ACTION ITEM: The material below holds the lines to copy: from the one with "Hat &acirc;�&cent;All Sizes/Colors Available&acirc;�&cent;" up to and including the one with "Cat dressed in". Copy them exactly and skip the pictures.
━━ DATA SUPPLIED
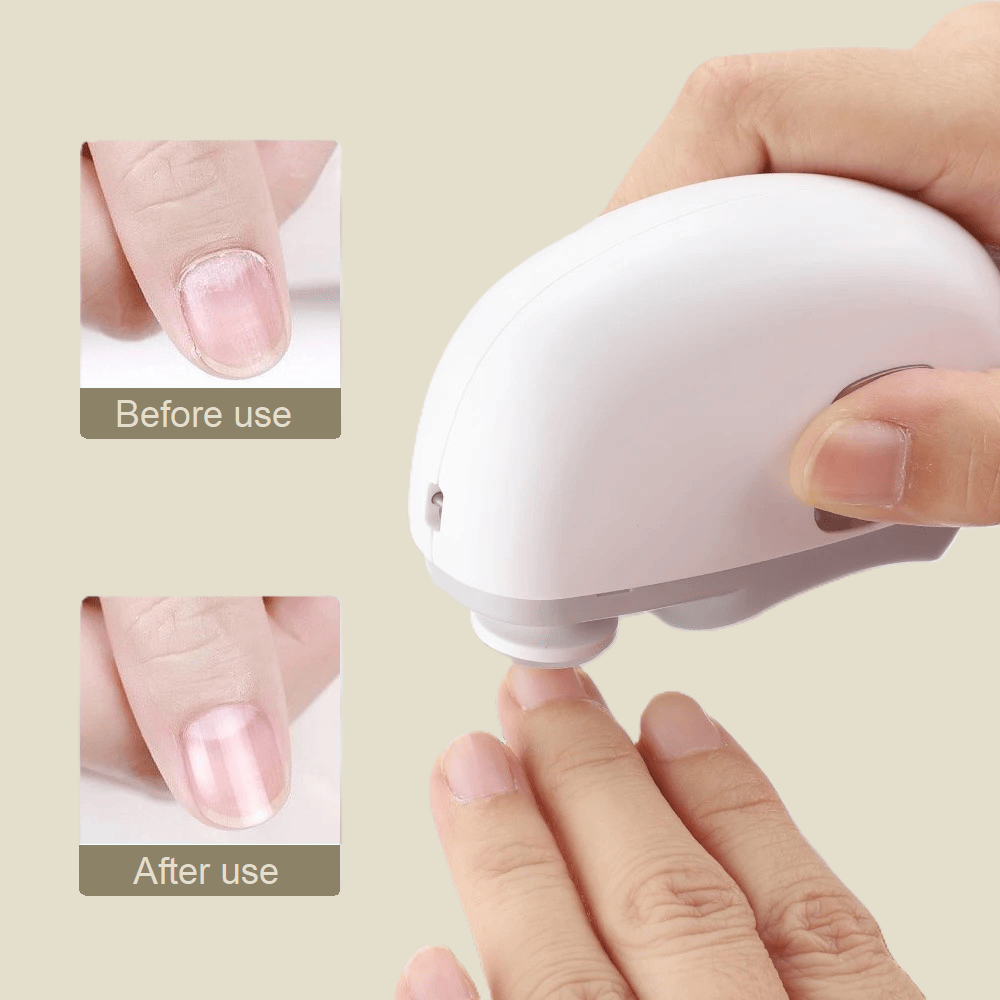 Person using electric nail polisher with ergonomic design for effortless, safe at-home nail care. Before. After.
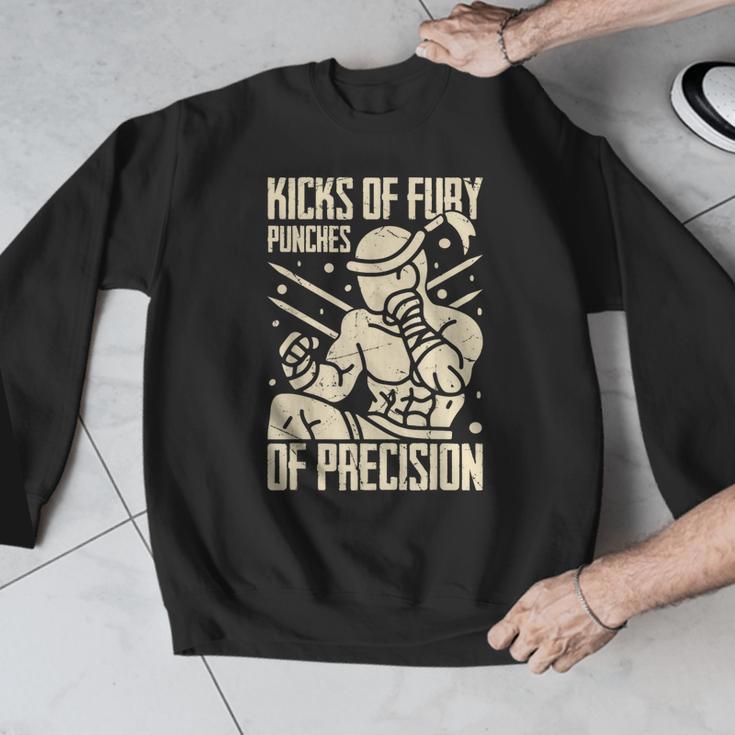 Kicks Of Fury Punches Of Precision Muay Thai Men Graphic Sweatshirt Kicks Of Fury Punches Of Precision Muay Thai Men Graphic Sweatshirt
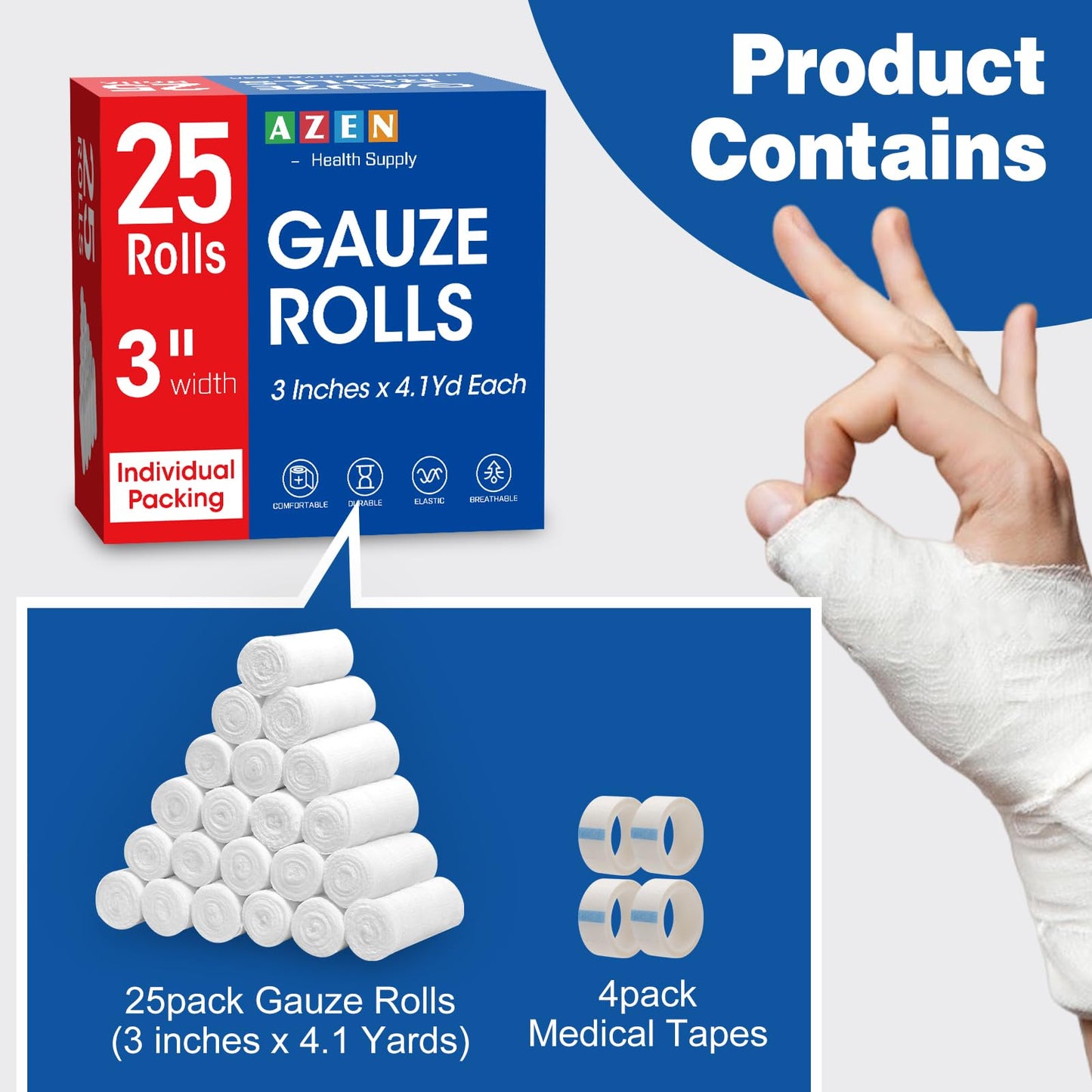 AZEN 100 Pack Gauze Rolls Bandages, 3 in x 4.1 Yards, First Aid Supplies & Premium Medical Supplies, Bandage Wrap Vet Wrap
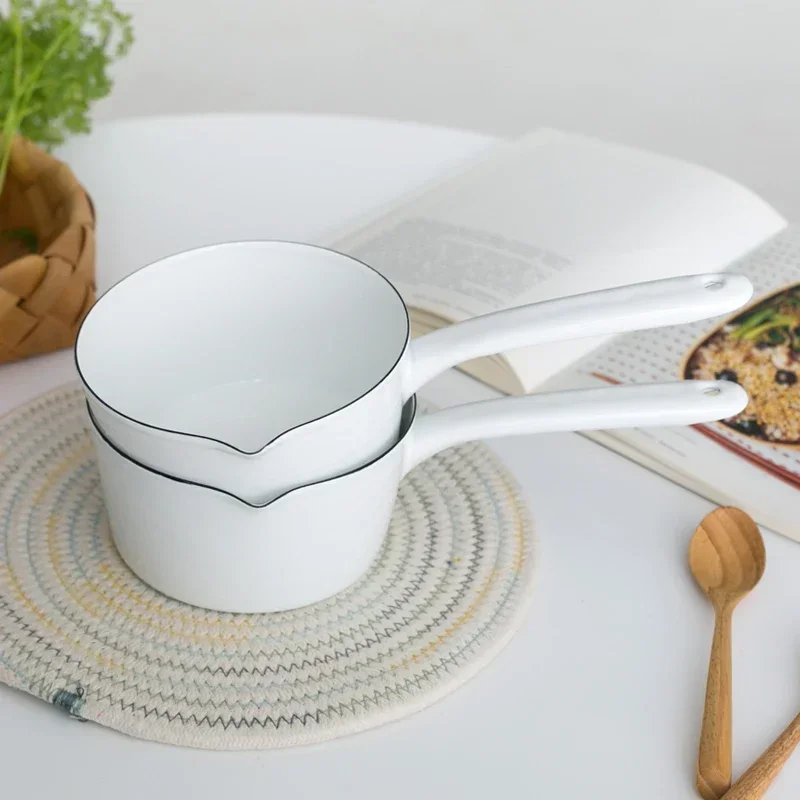 1.3L Japanese Style White Ceramics Milk Pot Kitchen Cooking Pan Pot Stewpan Food Saucepan with Long Handle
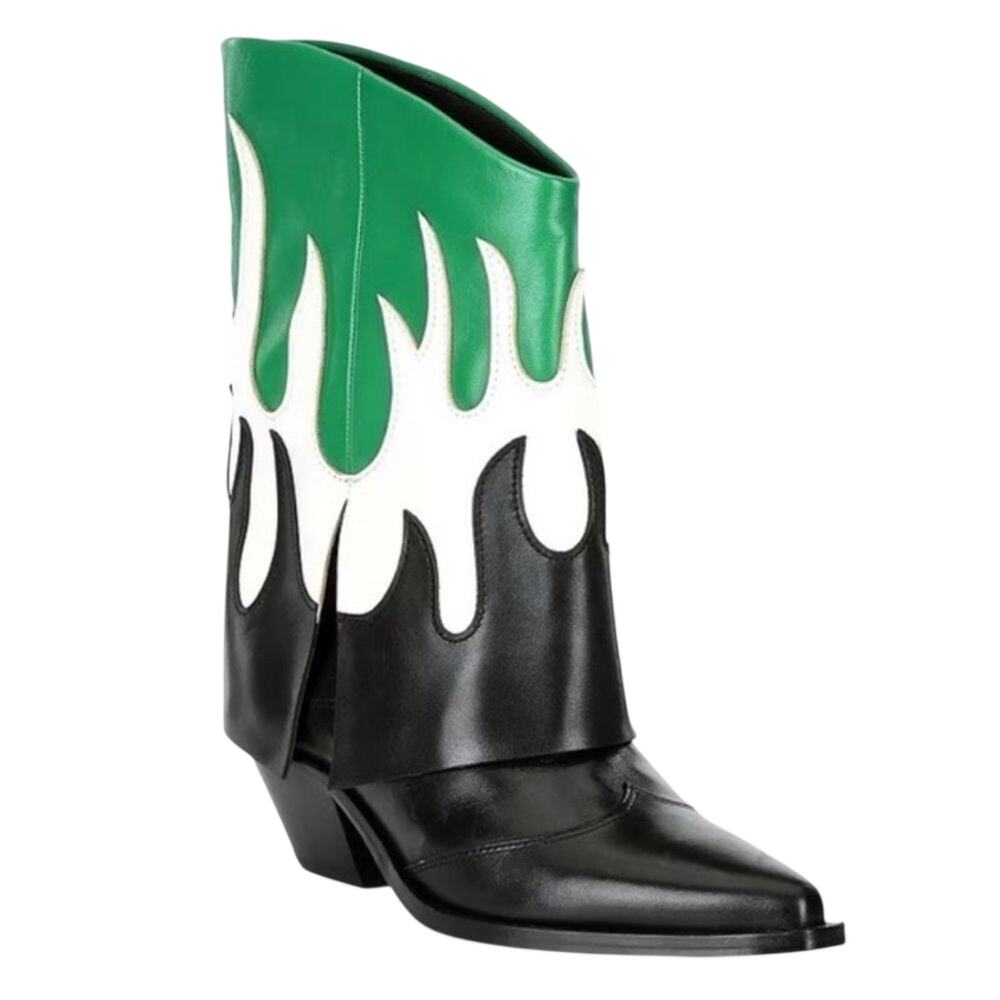 Gianni Bini CONLEY FLAME Fold Over Leather Western Black Green White Boots 7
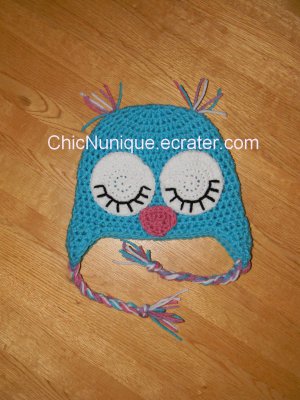&acirc;�� Custom Crochet Girl's Sleepy Sleeping Owl Earflap Hat &acirc;�&cent;All Sizes/Colors Available&acirc;�&cent;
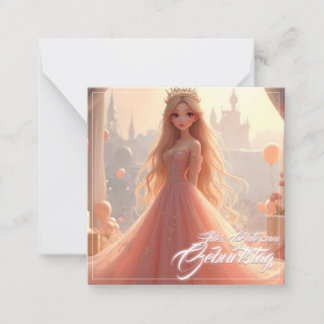 Notas Cartão de aniversário de princesa em rosa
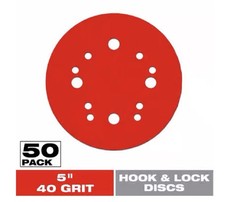 50 Pack 5  40 Grit Hook  Loop Sanding Discs Orbital Sander Sandpaper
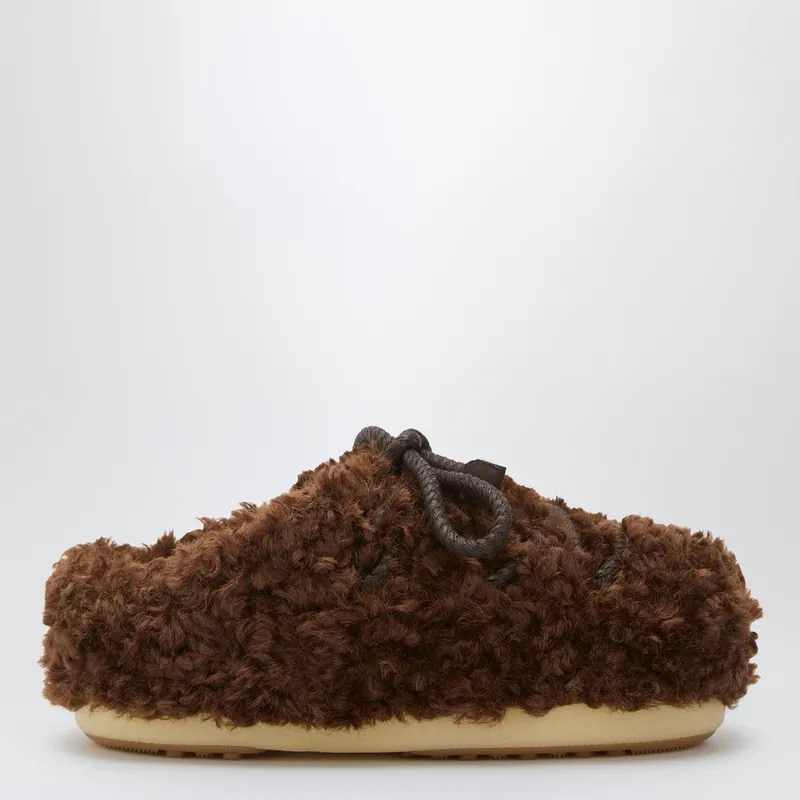 Dark Brown Curly Shearling Mules - Moon Boot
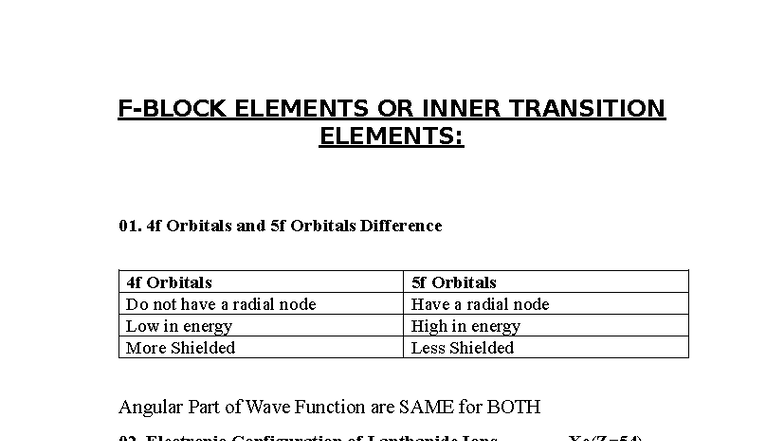 F Block Elements: 4f and 5f Orbitals Differences and Properties - Studocu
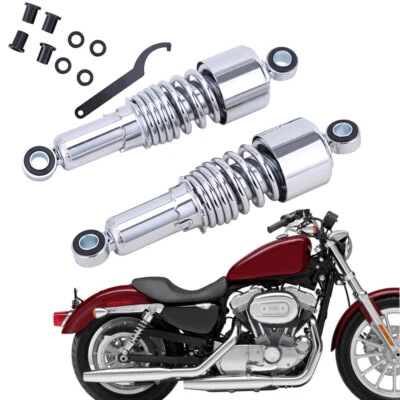 Chrome 10.5" Rear Shock Absorbers For Harley Touring Electra Glide Sportster XL - Image 1 of 4
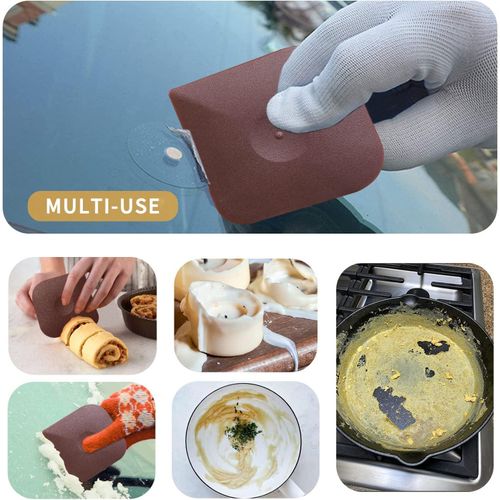 3pcs Cast Iron Skillet Cleaner Pan Pot Scrubber, Kitchen Plastic Scrapper Non-Scratch (Brown)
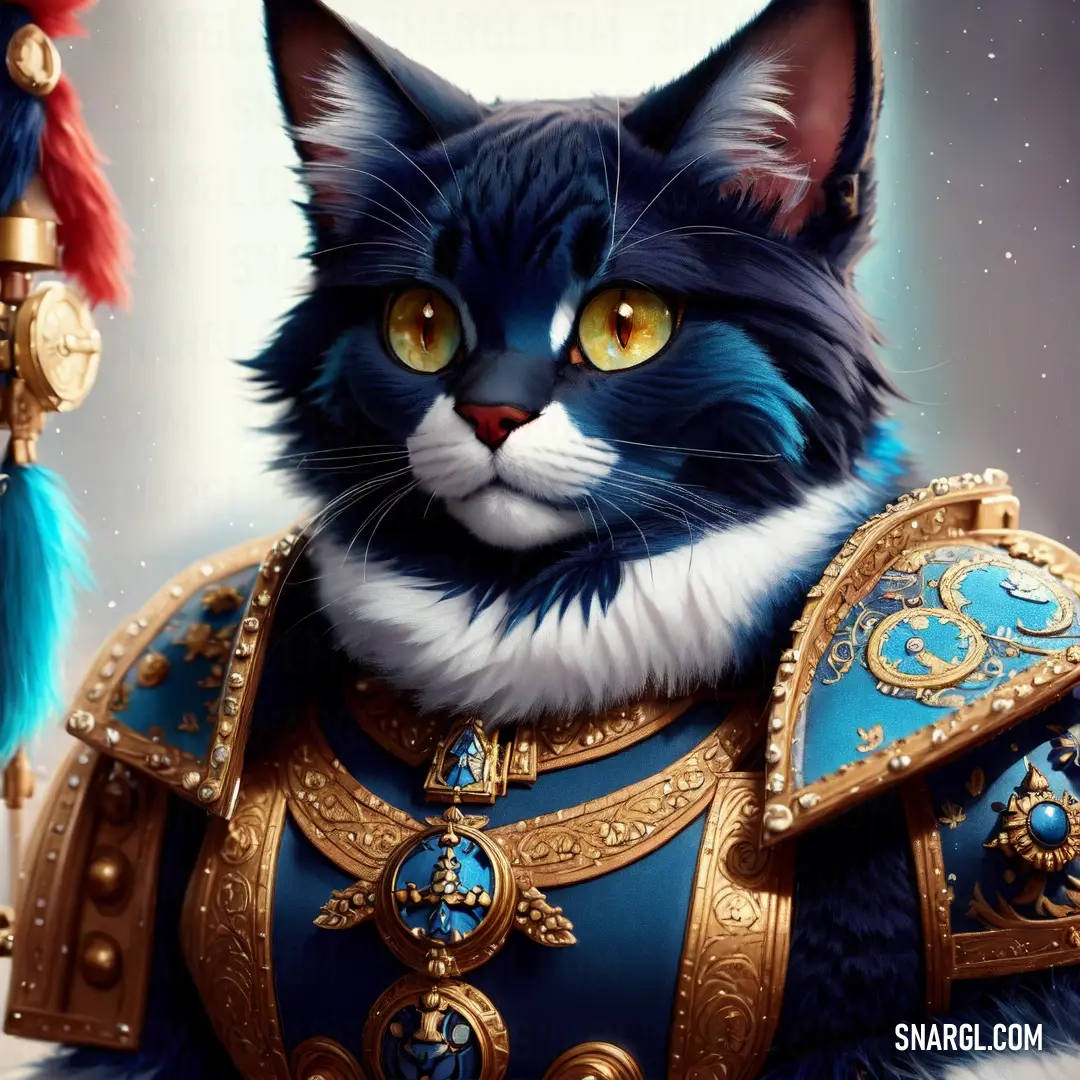 Cat dressed in a blue and gold outfit with a feathered tail and a gold crown on its head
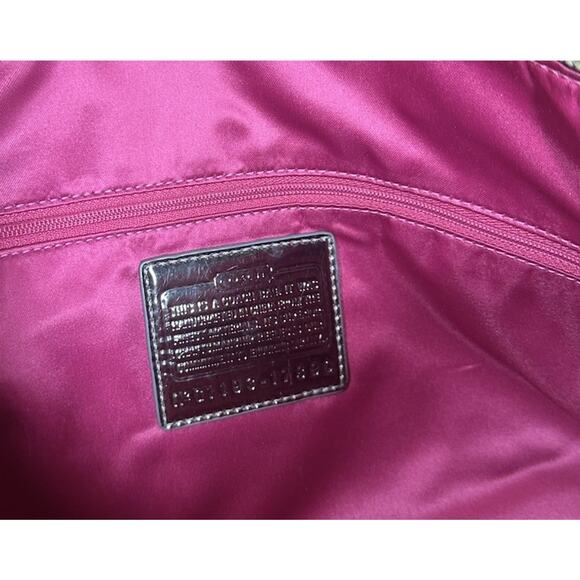 Coach Poppy Signature Sateen Tote Gray Silver Metallic Shoulder Bag Purse Large - Picture 10 of 12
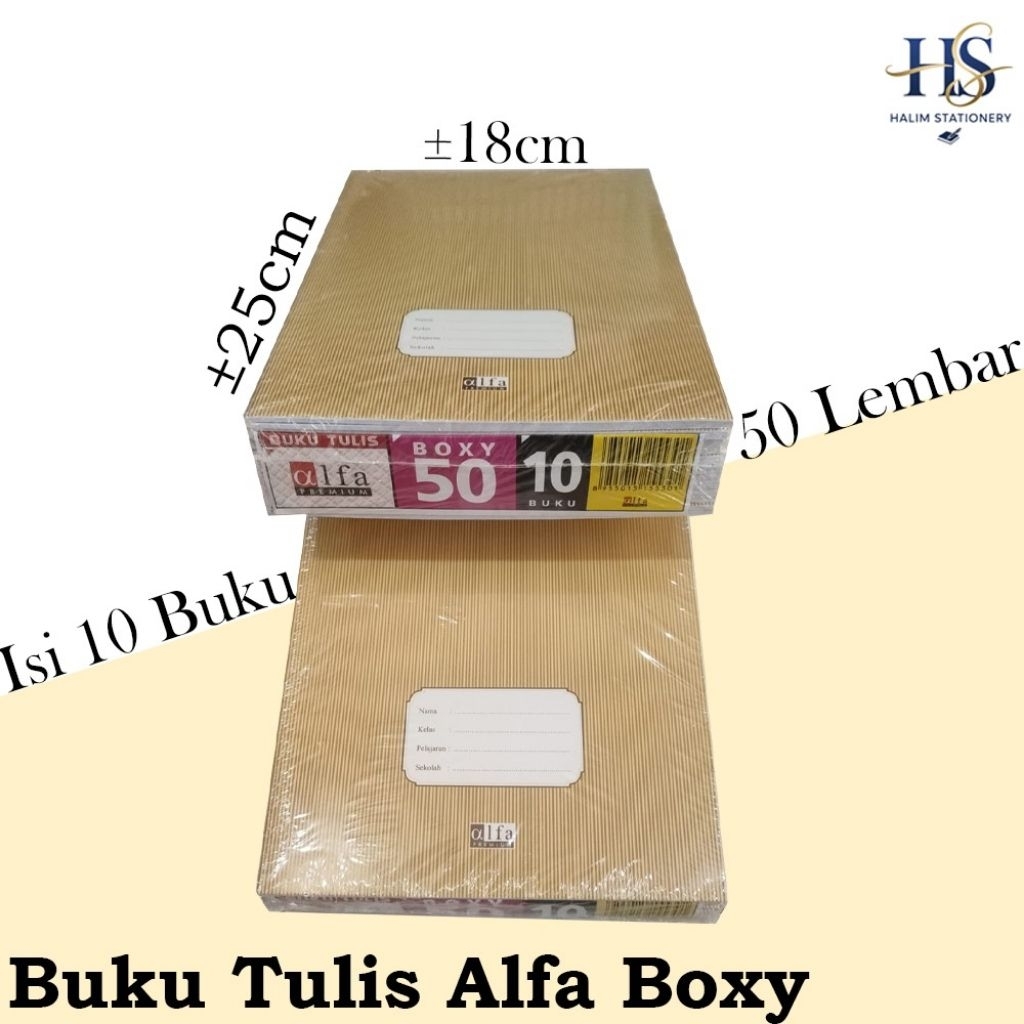 

Buku Tulis ALFA Boxy Craf Isi 10 Buku 50 Lembar - Alat Tulis Kantor/ATK Murah Medan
━━━━
EXERCISE OUTPUT:
&acirc;�� Custom Crochet Girl's Sleepy Sleeping Owl Earflap Hat &acirc;�&cent;All Sizes/Colors Available&acirc;�&cent;
 Notas Cartão de aniversário de princesa em rosa
 50 Pack 5  40 Grit Hook  Loop Sanding Discs Orbital Sander Sandpaper
 Dark Brown Curly Shearling Mules - Moon Boot
 F Block Elements: 4f and 5f Orbitals Differences and Properties - Studocu
 Chrome 10.5" Rear Shock Absorbers For Harley Touring Electra Glide Sportster XL - Image 1 of 4
 3pcs Cast Iron Skillet Cleaner Pan Pot Scrubber, Kitchen Plastic Scrapper Non-Scratch (Brown)
 Cat dressed in a blue and gold outfit with a feathered tail and a gold crown on its head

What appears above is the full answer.